Powerful Southern Baptist group rejects hard right candidate as its new president

·2 min read
Powerful Southern Baptist group rejects hard right candidate as its new president
Pastor Ed Litton, of Saraland, Ala., answers questions after being elected as president of the Southern Baptist Convention Tuesday, June 15, 2021, in Nashville, Tenn. (AP)
Pastor Ed Litton, of Saraland, Ala., answers questions after being elected as president of the Southern Baptist Convention Tuesday, June 15, 2021, in Nashville, Tenn. (AP)

The powerful Southern Baptist Convention has rejected a hard right candidate as its new president.
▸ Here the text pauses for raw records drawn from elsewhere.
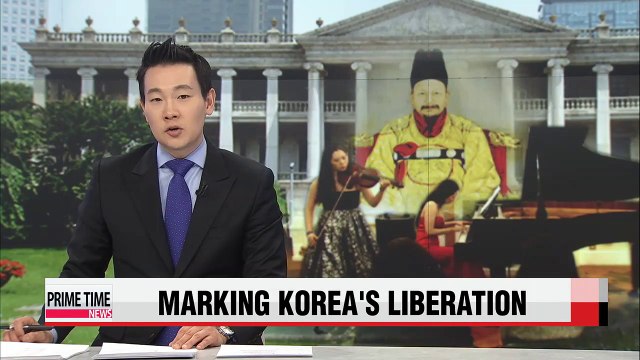 Song reenacted to celebrate Korea's liberation from Japanese colonization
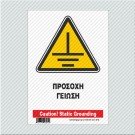 ΠΡΟΣΟΧΗ ΓΕΙΩΣΗ / CAUTION! STATIC GROUNDING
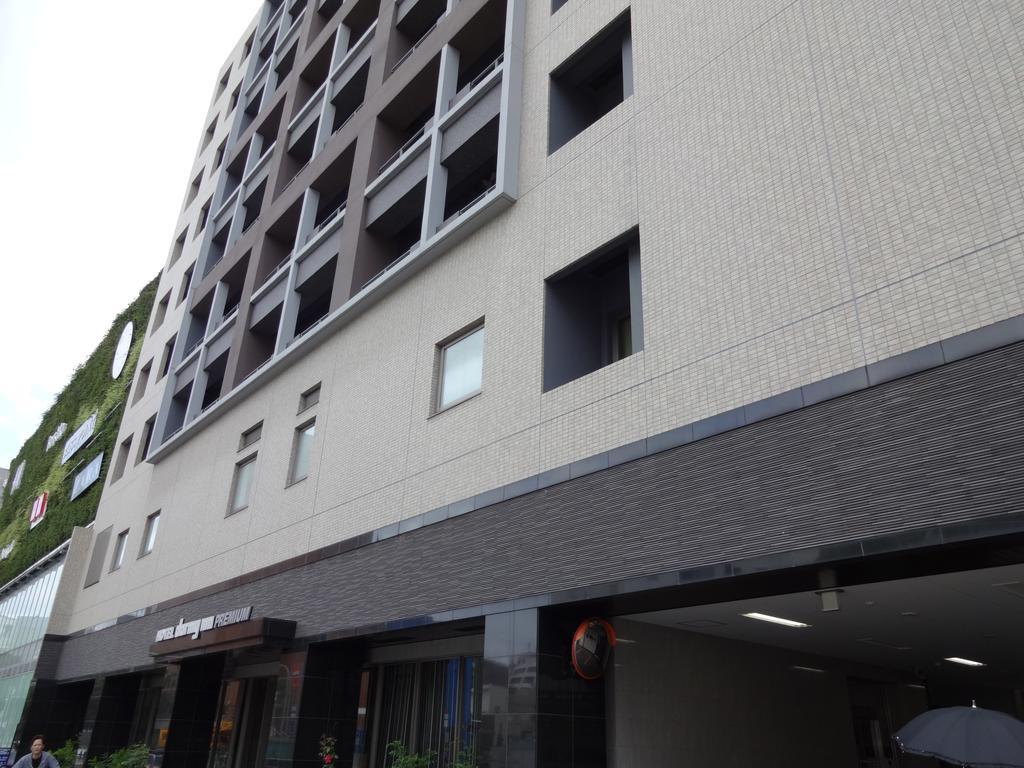 Dormy Inn Premium Hakata Canal City Mae Fukuoka  Zewnętrze zdjęcie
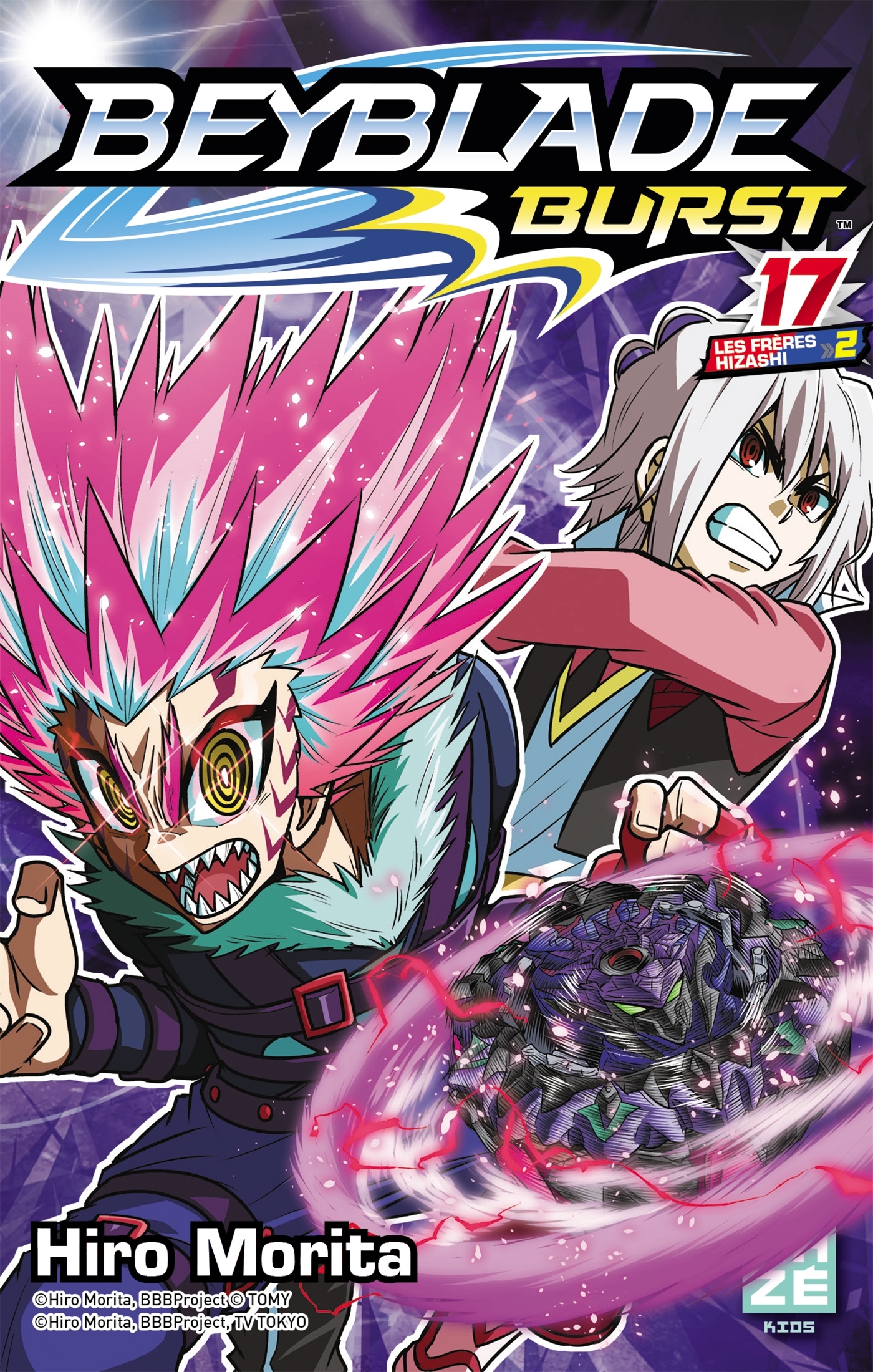 BEYBLADE BURST T17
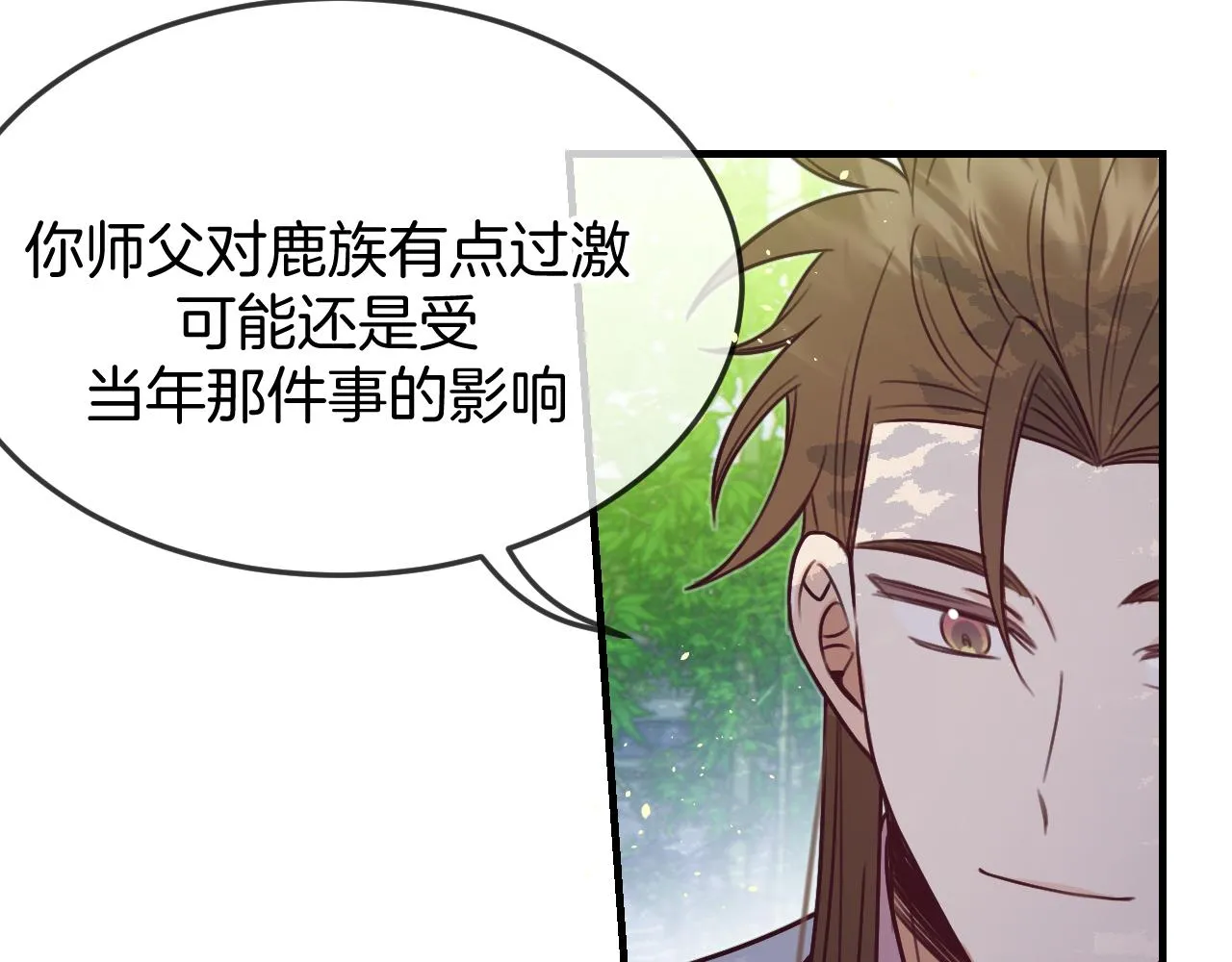 第104话 长老他的过去 第49页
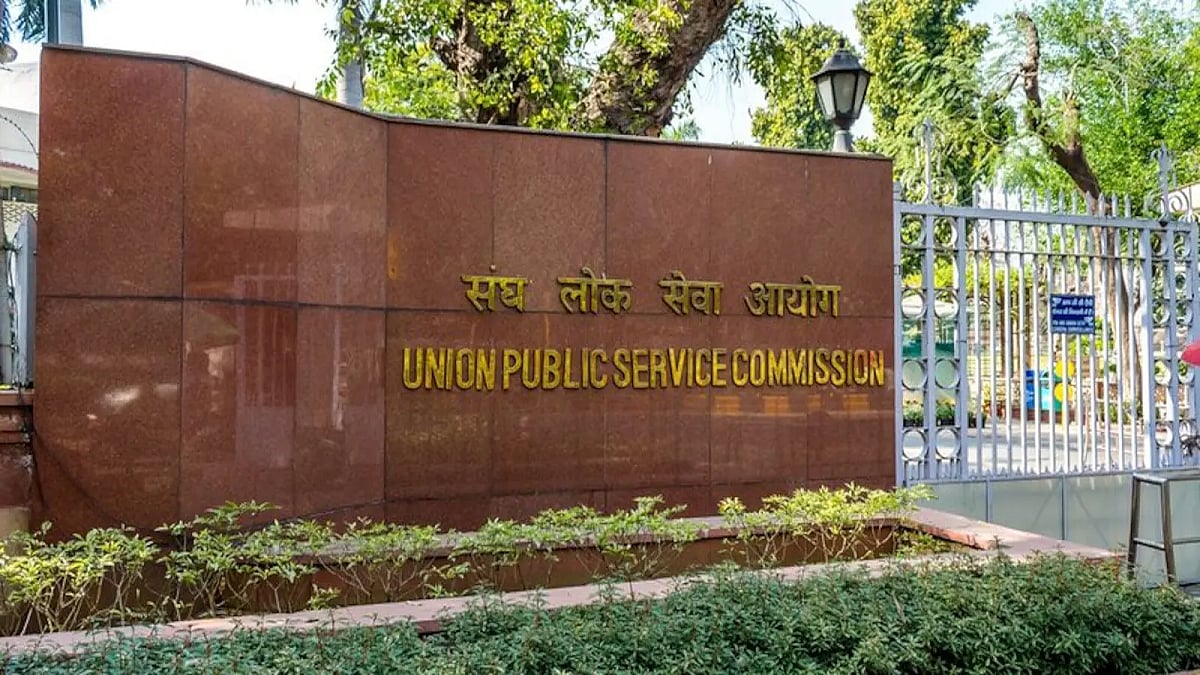 UPSC CSE 2023 का रिजल्ट घोषित, आदित्य श्रीवास्तव ने किया टॉप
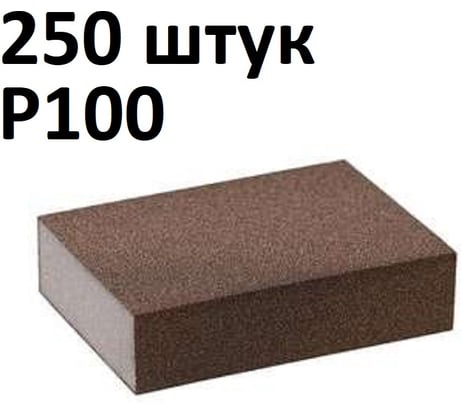 Губка шлифовальная четырёхсторонняя (250 шт) Grey Flex 100x68x25мм P100, AbraTechnic ABR.4X.100/250
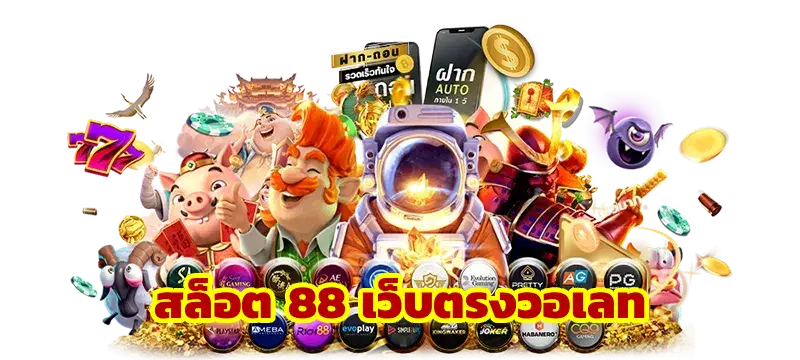 สล็อต 88 เว็บตรงวอเลท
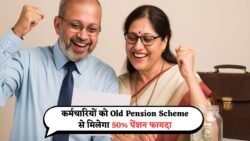 केंद्रीय कर्मचारियों को लगा चार चांद! 30 साल काम करने वालों को मिलेगा 50% पेंशन, जानिए नया पेंशन नियम : Old Pension Scheme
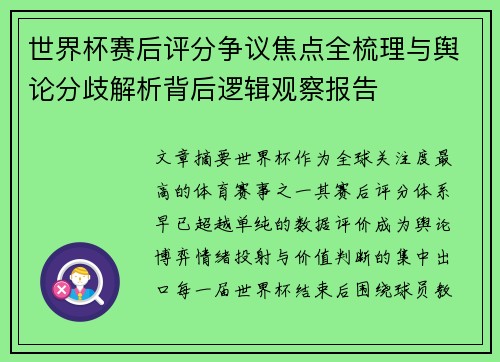 世界杯赛后评分争议焦点全梳理与舆论分歧解析背后逻辑观察报告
Ed Litton, a moderate pastor from Alabama, secured 52 per cent of the vote to defeat his ultraconservative rival Mike Stone in a run-off election.

When the tallies were counted in Nashville, Tennessee, Mr Litton had won the race by just 556 votes, or four per cent.

Mr Litton, 62, was nominated by Fred Luter, the only Black pastor to serve as president of the United States’ largest Protestant denomination.

A new group called the Conservative Baptist Network had backed Mr Stone, a Georgia pastor who supported a motion to renounce critical race theory.

“We’re a family, and at times it seems like an incredibly dysfunctional family,” said Mr Litton after his win was announced.

“But we love each other.”

Mr Litton lost his wife of 25 years in a 2007 car accident, and two years later her married Kathy Ferguson, whose husband was an SBC pastor who died in a 2002 crash.

“He will do a good job because he has character and integrity, he operates in humility, he trusts and lifts up Jesus, he has suffered and experienced the love of God in the midst of great grief,” said Alan Cross, an SBC pastor from California.

Mr Litton is known for having built strong relationships with Black pastors and has urged them to remain within the SBC.

“My answer: because we want you and need you” Mr Litton has said when asked by some Black church leaders why they should stay.

And he has promoted the diversification of the church, as its white membership has decreased.

“I want to continue broadening ethnic diversity on our boards to reflect who we actually are and who we’re becoming,” he said.

“I want to build bridges. Where necessary, we have to repair burned bridges.”